Task objective: What needs reproducing is the run of lines in the data below starting at the line with "Château de Pepissou" and ending at the line with "Corner bed after", both ends included. Copy it exactly, without pictures, and add nothing.

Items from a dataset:

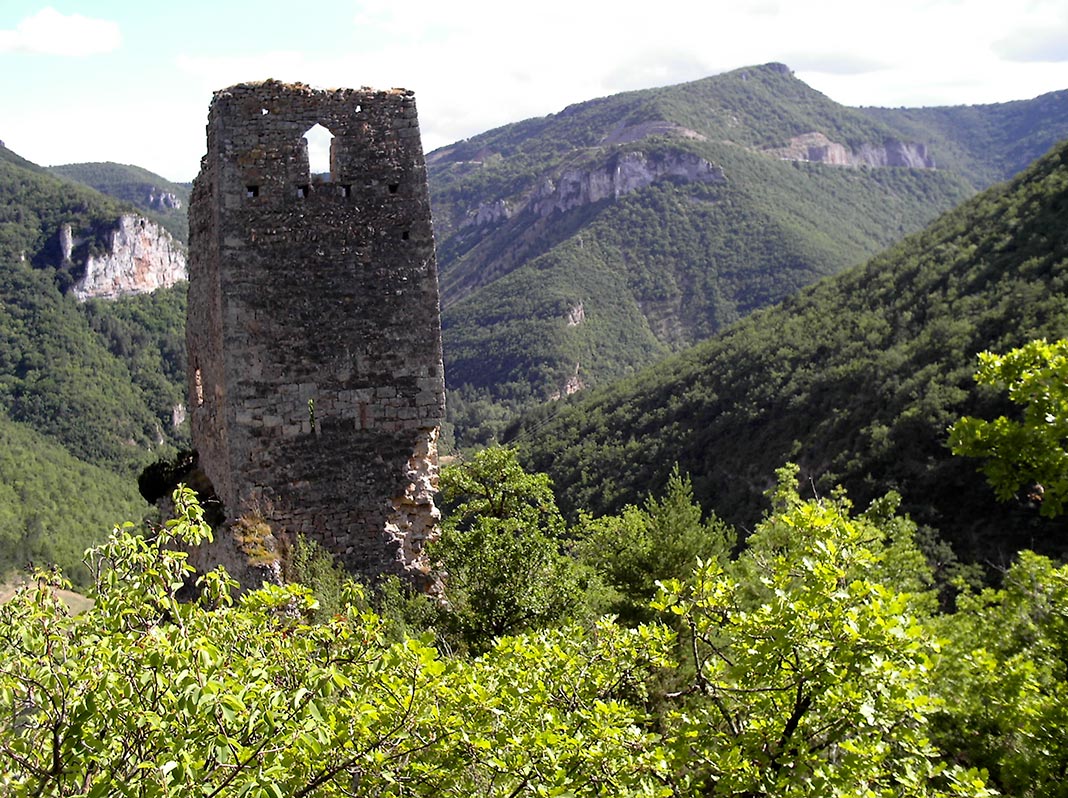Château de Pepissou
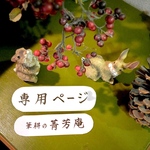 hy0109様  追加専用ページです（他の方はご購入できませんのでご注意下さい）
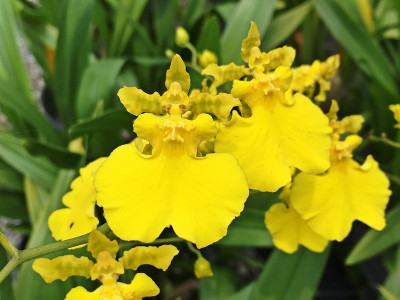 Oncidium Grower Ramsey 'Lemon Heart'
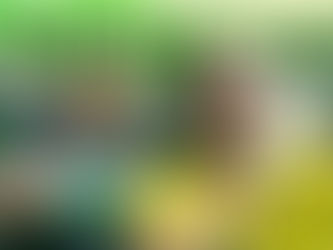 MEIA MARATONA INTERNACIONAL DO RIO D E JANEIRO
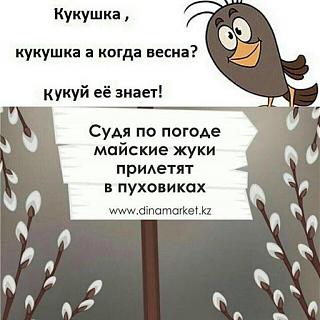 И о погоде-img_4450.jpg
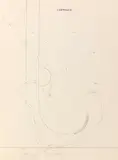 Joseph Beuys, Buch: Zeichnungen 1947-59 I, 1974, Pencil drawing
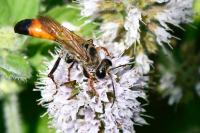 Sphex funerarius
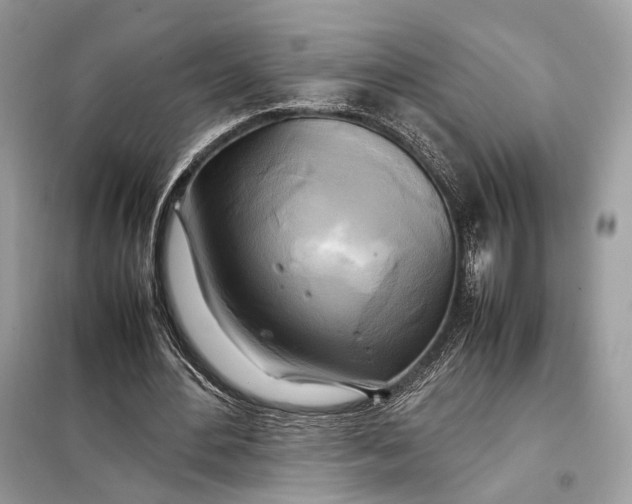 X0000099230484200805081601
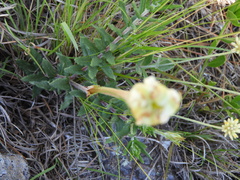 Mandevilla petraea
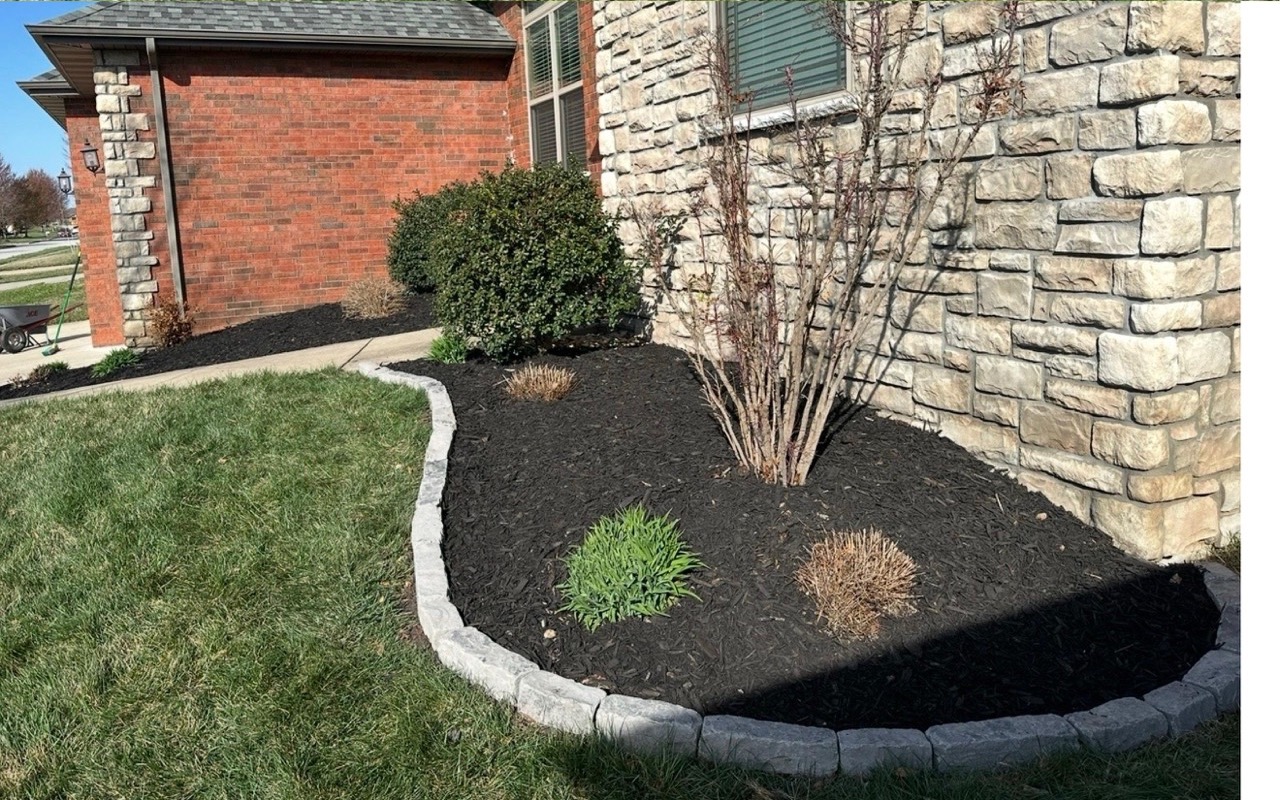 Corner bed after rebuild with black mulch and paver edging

---

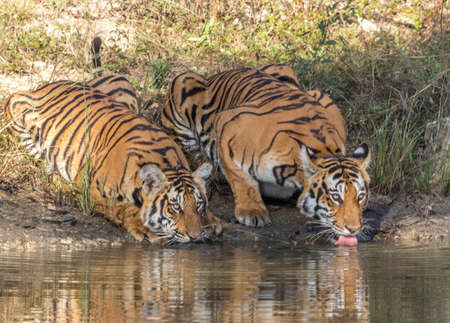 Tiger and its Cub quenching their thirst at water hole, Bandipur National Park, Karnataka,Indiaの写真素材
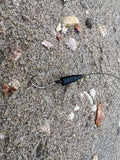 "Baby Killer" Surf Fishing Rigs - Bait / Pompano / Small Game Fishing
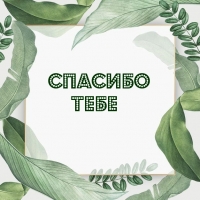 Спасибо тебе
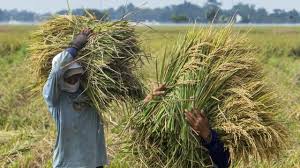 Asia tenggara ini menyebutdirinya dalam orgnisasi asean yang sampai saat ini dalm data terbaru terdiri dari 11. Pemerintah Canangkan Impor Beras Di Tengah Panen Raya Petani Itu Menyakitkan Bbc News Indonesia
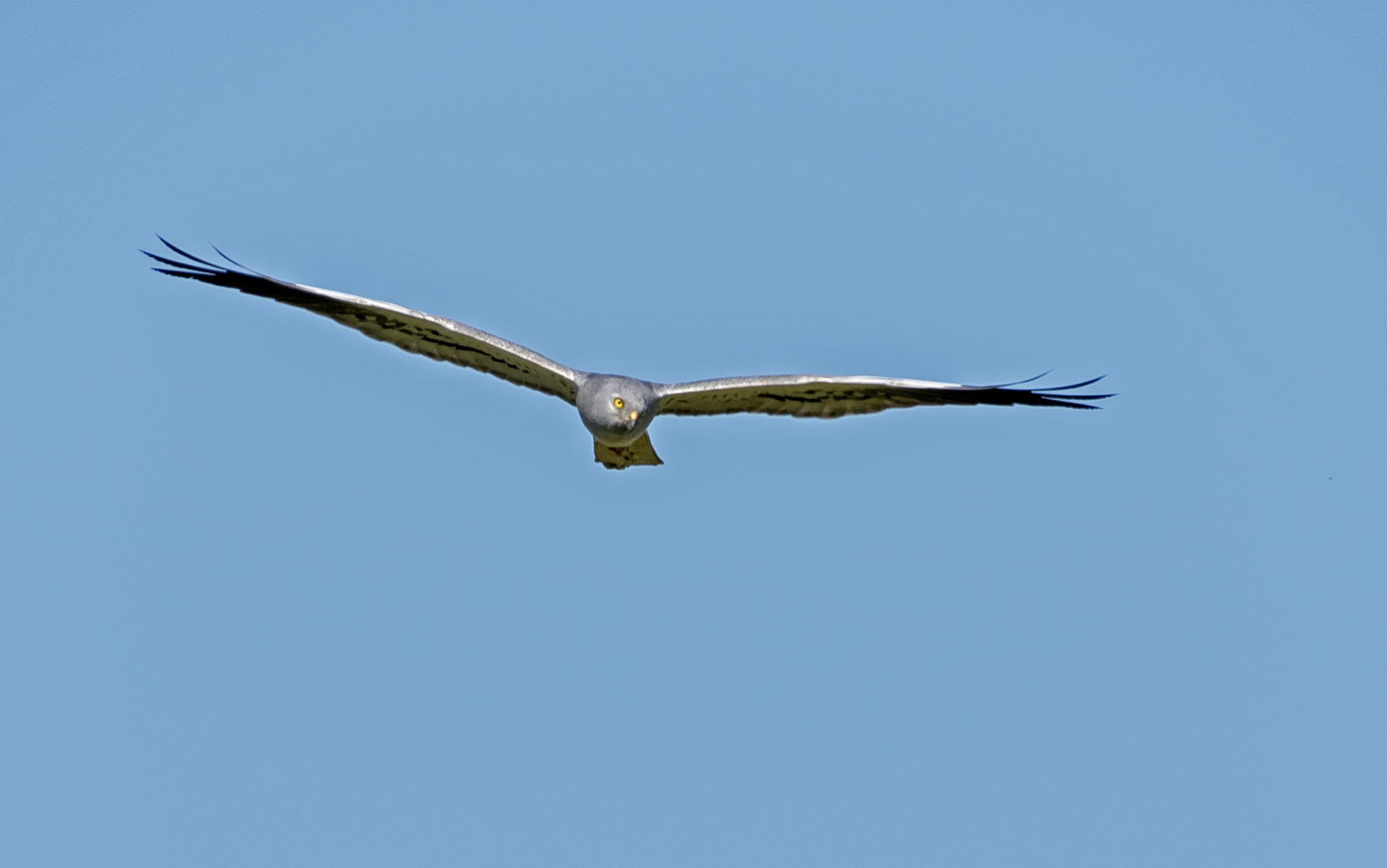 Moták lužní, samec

* * *

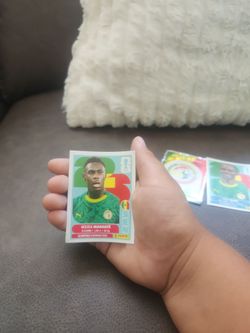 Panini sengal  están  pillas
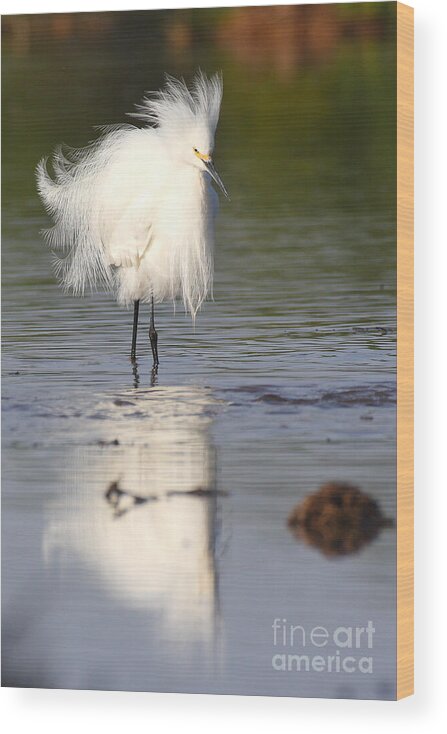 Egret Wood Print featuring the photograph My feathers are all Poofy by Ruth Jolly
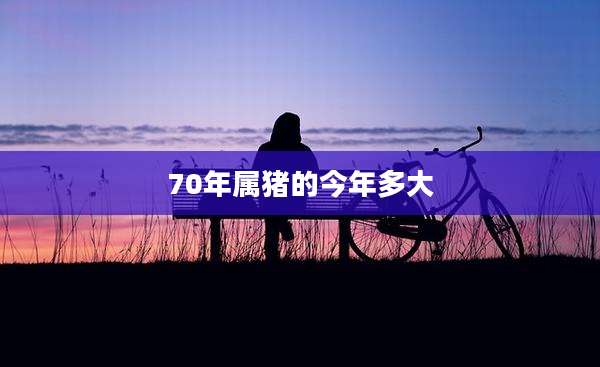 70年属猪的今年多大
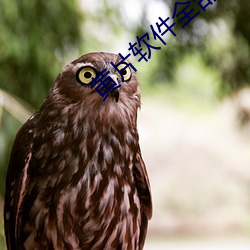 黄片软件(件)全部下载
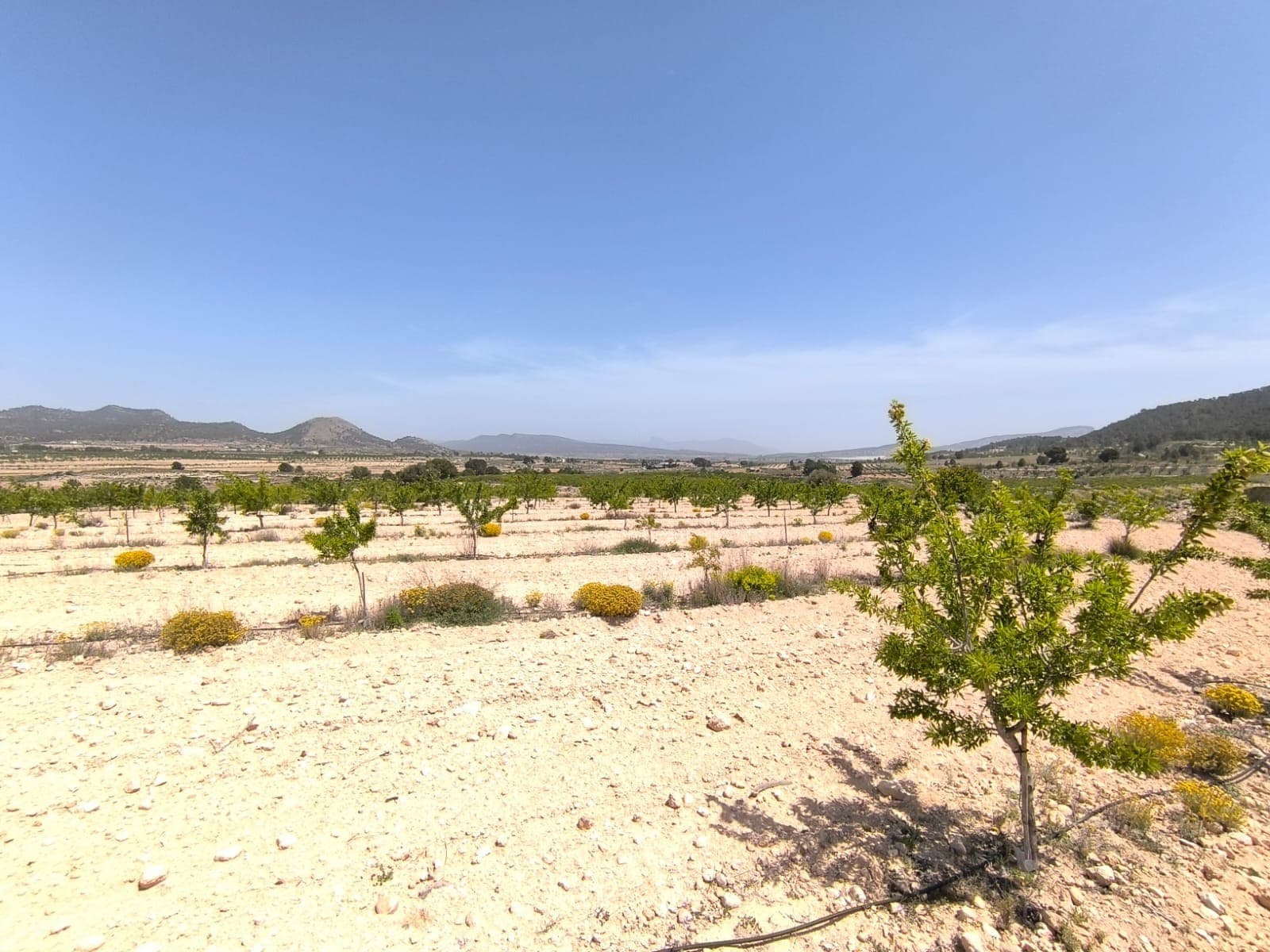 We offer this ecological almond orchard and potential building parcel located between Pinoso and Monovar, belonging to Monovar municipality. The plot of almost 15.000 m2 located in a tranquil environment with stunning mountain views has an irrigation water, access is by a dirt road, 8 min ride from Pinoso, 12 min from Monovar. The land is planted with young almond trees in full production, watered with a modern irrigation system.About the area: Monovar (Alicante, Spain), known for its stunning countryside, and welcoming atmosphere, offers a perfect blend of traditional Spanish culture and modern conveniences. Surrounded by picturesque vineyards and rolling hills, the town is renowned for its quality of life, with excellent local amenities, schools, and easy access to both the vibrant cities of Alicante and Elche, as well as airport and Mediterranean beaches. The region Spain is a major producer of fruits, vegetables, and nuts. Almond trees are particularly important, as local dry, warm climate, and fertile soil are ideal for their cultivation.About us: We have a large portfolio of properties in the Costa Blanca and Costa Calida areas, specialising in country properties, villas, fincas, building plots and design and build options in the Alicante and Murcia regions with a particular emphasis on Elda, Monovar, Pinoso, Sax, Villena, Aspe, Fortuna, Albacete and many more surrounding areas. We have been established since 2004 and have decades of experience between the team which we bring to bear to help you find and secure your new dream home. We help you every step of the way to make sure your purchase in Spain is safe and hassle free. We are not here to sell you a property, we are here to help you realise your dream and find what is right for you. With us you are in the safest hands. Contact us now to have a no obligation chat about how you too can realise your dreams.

Written solution:
Château de Pepissou
 hy0109様  追加専用ページです（他の方はご購入できませんのでご注意下さい）
 Oncidium Grower Ramsey 'Lemon Heart'
 MEIA MARATONA INTERNACIONAL DO RIO D E JANEIRO
 И о погоде-img_4450.jpg
 Joseph Beuys, Buch: Zeichnungen 1947-59 I, 1974, Pencil drawing
 Sphex funerarius
 X0000099230484200805081601
 Mandevilla petraea
 Corner bed after rebuild with black mulch and paver edging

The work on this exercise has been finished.